As her eyes adjust, she sees black-masked commandos filtering out from behind foliage and walls. A dozen, maybe more. Long metal magazines hang from their flat-black guns. The man in the lead raises his weapon and points it at her face. He pulls the trigger. Maddy’s in another zone now—a zone where she can actually see the bullets as they leave the barrel of the gun. She stares, unblinking, as the slugs stop an inch from her face, then watches them drip onto the grass like beads of mercury.
She hears Dache call out an order in Mandarin, which she somehow understands. His voice is calm and assured. The commandos stop in mid-step and lower their weapons, letting them dangle from straps around their shoulders. One by one, they walk to a storm grate near the entrance and slide their weapons into the opening. Maddy hears the rattles and splashes from the sewer chamber beneath the street.
Dache whispers into her ear. She calls out a phrase in perfect Mandarin, which she can now speak. The commandos move back onto the lawn, peeling off their tactical outfits until they’re down to their black underwear. All at once, they drop to their knees and bow in prayer, as if in a temple.
“Good job,” says Dache, waving his arm over the group. “New converts.”
“You have a weird sense of humor,” says Maddy.

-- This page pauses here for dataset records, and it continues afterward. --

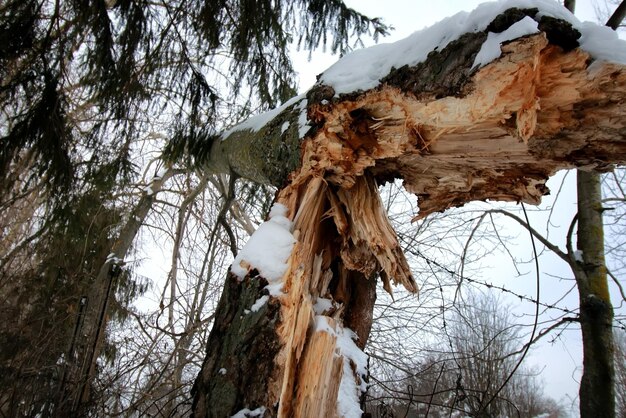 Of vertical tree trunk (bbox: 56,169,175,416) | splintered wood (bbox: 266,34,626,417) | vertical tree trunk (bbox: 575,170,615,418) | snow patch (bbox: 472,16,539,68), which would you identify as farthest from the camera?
vertical tree trunk (bbox: 575,170,615,418)

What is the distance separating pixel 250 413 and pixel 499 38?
1.37 meters

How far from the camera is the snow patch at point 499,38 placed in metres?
0.97

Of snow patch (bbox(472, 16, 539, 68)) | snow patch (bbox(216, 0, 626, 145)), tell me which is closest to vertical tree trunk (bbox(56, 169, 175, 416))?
snow patch (bbox(216, 0, 626, 145))

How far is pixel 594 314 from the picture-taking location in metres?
3.07

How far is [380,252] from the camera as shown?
5.63 feet

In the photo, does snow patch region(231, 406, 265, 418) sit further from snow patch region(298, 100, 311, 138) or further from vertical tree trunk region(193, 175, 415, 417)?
snow patch region(298, 100, 311, 138)

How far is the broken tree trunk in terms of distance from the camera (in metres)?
1.10

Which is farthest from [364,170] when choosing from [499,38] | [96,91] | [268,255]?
[96,91]

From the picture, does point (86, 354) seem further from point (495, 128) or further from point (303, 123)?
point (495, 128)

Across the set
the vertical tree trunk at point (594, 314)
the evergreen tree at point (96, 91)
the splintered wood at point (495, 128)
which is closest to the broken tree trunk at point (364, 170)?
the splintered wood at point (495, 128)

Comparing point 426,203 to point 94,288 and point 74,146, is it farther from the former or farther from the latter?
point 94,288

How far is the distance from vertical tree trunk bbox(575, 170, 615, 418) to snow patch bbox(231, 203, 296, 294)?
2.95 m

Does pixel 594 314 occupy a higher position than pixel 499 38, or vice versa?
pixel 499 38

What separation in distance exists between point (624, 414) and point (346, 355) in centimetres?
1594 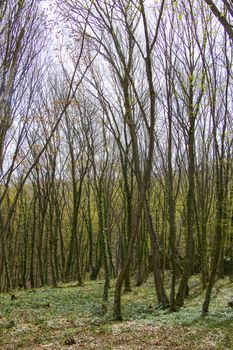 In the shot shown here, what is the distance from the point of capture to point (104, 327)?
9.05 m

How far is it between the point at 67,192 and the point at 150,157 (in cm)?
2286

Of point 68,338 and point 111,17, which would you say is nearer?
point 68,338

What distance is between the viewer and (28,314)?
36.8ft

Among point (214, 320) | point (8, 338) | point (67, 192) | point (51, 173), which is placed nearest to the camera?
point (8, 338)

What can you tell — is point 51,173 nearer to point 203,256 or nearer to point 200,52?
point 203,256

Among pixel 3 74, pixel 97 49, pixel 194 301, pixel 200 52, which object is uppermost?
pixel 97 49

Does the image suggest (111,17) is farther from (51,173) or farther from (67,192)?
(67,192)

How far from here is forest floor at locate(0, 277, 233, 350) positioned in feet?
24.2

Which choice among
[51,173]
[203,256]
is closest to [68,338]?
[203,256]

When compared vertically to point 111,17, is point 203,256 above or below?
below

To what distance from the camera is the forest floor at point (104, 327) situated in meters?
7.39

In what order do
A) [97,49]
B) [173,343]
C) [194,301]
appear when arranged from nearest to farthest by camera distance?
1. [173,343]
2. [97,49]
3. [194,301]

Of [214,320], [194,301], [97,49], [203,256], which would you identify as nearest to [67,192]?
[203,256]

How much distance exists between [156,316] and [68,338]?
3526mm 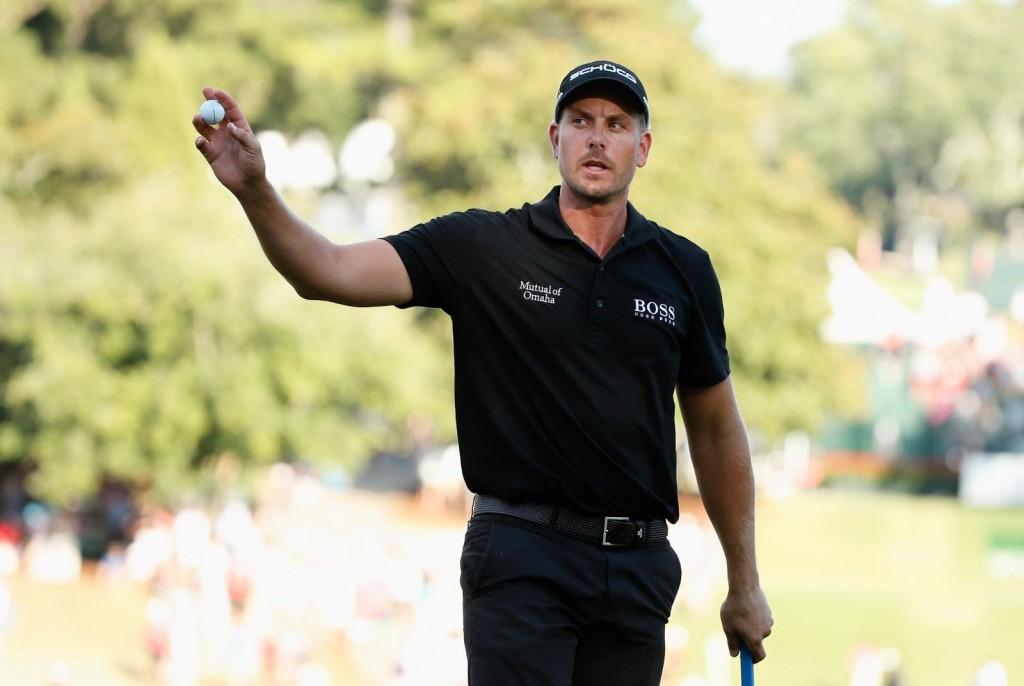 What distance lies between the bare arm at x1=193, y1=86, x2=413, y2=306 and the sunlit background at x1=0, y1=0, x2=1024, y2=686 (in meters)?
10.6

Dache gives her a respectful bow. “Coming from you, Madeline, that is a true compliment.”
CHAPTER 35
AT MIDNIGHT. I’M the last one still up. I’m staring at the shattered parlor windows, wondering how long our luck can hold out. A man’s home is his castle, but this place is starting to feel like a shooting gallery. For tonight at least, we’re all still breathing. Thanks to Dache and Maddy.

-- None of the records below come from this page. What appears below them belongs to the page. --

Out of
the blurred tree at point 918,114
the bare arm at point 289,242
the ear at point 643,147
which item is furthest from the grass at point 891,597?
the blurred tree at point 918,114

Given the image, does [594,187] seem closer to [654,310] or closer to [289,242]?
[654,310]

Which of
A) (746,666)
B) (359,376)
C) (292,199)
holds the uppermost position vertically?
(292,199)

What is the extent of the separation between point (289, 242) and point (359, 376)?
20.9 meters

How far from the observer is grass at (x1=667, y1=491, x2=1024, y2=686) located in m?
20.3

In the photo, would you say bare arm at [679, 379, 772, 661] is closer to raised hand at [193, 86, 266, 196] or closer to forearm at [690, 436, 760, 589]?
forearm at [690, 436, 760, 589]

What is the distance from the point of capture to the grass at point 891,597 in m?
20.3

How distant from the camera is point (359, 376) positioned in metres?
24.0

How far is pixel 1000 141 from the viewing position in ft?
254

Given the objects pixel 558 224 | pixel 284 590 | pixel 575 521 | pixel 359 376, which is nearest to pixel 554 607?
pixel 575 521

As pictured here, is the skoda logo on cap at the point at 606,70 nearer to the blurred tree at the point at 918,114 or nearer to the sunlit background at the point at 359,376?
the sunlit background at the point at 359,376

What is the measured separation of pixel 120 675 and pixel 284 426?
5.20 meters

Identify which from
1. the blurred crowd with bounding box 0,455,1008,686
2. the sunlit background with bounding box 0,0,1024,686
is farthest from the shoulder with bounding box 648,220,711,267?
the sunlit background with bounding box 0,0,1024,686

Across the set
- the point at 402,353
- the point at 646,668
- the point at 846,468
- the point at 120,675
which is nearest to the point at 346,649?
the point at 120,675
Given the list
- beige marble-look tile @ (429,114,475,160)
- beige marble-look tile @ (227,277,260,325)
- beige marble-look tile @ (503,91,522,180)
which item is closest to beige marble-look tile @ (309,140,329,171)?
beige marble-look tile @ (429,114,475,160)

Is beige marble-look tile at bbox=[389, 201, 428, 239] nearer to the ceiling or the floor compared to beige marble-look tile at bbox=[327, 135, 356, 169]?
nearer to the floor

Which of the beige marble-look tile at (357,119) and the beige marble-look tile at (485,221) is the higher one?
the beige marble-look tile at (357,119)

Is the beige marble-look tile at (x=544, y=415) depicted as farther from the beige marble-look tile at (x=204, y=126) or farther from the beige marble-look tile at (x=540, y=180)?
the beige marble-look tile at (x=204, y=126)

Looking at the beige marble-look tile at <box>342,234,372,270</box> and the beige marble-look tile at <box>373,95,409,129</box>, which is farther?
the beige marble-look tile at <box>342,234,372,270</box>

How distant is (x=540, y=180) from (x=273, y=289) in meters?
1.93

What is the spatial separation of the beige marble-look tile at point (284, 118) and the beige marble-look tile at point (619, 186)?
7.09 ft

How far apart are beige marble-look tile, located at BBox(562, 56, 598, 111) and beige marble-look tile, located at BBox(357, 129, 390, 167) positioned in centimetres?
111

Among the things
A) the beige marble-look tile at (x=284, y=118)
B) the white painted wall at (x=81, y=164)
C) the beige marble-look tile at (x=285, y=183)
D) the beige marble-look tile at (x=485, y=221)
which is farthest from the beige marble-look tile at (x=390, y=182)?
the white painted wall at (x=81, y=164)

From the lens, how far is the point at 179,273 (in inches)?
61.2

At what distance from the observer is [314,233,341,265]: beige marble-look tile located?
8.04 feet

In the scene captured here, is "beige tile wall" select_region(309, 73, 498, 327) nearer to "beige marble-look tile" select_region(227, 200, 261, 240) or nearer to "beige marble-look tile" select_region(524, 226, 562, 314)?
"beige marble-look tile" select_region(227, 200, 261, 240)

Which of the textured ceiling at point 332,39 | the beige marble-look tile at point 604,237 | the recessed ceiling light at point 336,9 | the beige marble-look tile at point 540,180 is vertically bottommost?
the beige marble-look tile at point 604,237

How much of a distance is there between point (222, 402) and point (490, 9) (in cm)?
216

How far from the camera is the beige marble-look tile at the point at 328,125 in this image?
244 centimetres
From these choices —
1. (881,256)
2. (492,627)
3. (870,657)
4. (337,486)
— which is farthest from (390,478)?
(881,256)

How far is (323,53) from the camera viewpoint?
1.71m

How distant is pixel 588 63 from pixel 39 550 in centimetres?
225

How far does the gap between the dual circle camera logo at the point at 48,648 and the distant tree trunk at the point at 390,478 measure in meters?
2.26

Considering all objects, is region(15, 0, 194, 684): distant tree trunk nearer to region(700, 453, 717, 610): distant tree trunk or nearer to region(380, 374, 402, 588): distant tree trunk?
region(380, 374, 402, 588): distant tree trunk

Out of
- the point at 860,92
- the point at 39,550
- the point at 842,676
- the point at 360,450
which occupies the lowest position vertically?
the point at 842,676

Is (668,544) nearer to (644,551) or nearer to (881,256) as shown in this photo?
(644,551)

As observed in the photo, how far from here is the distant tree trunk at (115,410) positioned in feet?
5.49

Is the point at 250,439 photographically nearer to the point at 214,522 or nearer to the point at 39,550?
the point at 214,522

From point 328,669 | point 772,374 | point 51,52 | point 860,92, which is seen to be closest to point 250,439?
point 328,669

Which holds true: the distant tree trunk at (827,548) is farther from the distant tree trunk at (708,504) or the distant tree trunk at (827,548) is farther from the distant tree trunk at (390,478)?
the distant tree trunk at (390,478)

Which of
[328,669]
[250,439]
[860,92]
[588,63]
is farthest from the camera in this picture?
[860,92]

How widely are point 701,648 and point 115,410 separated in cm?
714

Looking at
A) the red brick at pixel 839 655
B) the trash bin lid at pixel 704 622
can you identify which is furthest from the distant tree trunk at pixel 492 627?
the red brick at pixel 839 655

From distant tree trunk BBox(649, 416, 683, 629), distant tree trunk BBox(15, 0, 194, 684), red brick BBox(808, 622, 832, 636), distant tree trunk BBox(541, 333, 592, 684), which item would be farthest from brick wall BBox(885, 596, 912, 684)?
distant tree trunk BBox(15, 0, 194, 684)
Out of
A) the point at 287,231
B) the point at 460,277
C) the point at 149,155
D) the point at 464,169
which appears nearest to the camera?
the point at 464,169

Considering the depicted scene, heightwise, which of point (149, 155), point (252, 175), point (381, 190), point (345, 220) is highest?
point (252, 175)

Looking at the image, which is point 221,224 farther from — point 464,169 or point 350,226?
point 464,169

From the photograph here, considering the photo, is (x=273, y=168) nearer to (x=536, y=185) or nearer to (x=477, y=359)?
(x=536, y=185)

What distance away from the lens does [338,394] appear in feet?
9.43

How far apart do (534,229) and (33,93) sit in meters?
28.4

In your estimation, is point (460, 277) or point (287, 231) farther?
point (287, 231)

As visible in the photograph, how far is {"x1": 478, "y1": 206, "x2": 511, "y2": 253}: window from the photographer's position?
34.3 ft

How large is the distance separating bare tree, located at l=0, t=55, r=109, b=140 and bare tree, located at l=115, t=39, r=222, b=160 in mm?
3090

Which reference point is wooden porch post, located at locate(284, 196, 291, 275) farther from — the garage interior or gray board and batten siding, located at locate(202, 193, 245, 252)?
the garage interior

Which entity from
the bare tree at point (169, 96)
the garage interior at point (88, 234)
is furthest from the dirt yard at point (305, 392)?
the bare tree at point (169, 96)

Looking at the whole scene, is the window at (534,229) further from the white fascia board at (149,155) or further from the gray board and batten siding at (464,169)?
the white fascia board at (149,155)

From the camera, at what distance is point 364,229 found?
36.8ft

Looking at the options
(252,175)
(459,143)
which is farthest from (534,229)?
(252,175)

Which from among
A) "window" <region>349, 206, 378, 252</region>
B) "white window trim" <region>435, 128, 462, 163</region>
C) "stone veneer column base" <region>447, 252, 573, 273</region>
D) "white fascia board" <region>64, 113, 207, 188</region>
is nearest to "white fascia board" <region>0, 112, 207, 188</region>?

A few hours ago, Dache lined up the Chinasian commandos on the front lawn and sent them on their way, single file, to a monastery upstate. A fifty-mile overnight hike. I wanted to question them first, but Dache said it would be a waste of time. The commandos had been trained by Toor Bayani, and they were as mindless as Dr. Mocquino’s bloodsuckers. They had nothing in their heads but the mission. And now, not even that. Dache says none of them will ever touch a weapon again.

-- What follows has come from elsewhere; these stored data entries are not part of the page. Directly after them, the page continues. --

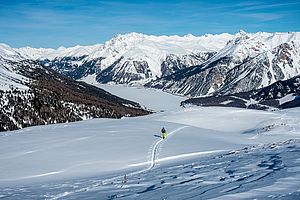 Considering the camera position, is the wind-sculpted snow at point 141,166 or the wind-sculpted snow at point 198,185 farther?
the wind-sculpted snow at point 141,166

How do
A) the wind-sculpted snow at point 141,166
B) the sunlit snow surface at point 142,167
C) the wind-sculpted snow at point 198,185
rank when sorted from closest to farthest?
the wind-sculpted snow at point 198,185 → the sunlit snow surface at point 142,167 → the wind-sculpted snow at point 141,166

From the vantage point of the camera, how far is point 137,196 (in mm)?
19547

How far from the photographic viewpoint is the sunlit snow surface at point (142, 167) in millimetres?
18594

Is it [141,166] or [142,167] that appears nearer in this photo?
[142,167]

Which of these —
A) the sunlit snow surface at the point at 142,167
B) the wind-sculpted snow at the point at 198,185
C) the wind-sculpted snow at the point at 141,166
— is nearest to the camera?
the wind-sculpted snow at the point at 198,185

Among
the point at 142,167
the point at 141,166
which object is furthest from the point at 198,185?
the point at 141,166

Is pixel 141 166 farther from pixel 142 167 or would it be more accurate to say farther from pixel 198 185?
pixel 198 185

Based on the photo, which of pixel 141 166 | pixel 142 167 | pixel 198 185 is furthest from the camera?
pixel 141 166

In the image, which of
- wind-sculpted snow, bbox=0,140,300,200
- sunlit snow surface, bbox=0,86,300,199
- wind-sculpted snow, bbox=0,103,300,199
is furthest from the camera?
wind-sculpted snow, bbox=0,103,300,199

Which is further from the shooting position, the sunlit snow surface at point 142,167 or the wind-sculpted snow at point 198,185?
the sunlit snow surface at point 142,167

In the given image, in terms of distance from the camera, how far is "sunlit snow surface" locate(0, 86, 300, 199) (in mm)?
18594

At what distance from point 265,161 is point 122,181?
862 cm

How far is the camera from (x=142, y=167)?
32594 mm

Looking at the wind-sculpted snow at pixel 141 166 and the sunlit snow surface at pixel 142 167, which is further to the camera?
the wind-sculpted snow at pixel 141 166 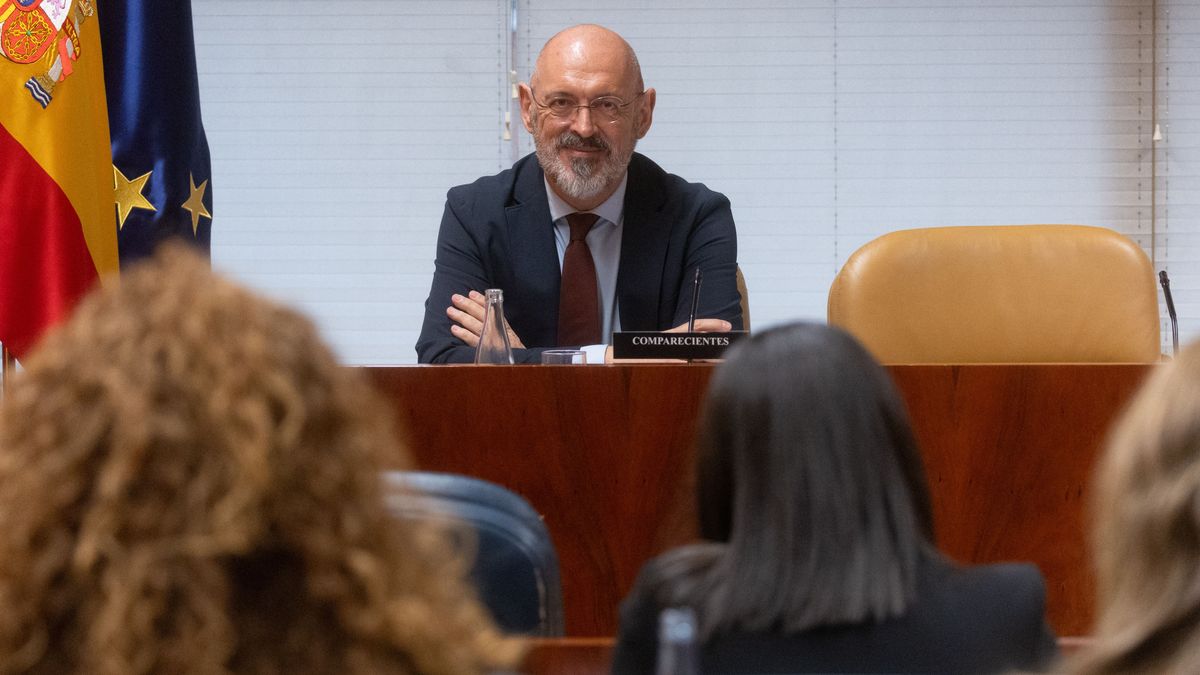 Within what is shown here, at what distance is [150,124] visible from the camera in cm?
322

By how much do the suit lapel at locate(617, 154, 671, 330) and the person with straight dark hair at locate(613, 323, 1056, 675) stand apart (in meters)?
2.22

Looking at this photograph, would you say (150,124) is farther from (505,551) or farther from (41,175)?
(505,551)

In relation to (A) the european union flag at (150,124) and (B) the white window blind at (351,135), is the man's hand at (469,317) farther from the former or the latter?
(B) the white window blind at (351,135)

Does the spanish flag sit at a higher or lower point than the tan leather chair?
higher

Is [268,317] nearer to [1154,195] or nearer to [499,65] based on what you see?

I take one last look out one of the broken windows and then head upstairs. As I walk down the hallway, I hear voices and laughter from Maddy’s room, like she’s having some kind of slumber party. I knock on the door, announce myself, and peek in. The laughter is coming from Dache, high-pitched and silly. He’s sitting cross-legged on the floor with Maddy’s antique tape player in his lap, volume up full. Maddy is sitting across from him, clearly enjoying his reaction.
They’re listening to one of the old Shadow radio shows from Maddy’s collection, and Dache is clearly eating it up. Maddy obviously knows the script by heart. She’s mouthing every word from every character. She must have heard this tape a hundred times.
She must not have heard me. Neither did Dache, who’s listening to the program intently, moving his body in sync with the action—feelingevery twist in the drama. As the episode ends, the radio announcer intones,“As ye sow evil, so shall ye reap evil. Crime does not pay. The Shadow knows!”
Dache throws his head back in delight, clapping and whistling.
Maddy reaches over and clicks the player off.
“I thought you’d like it,” she says.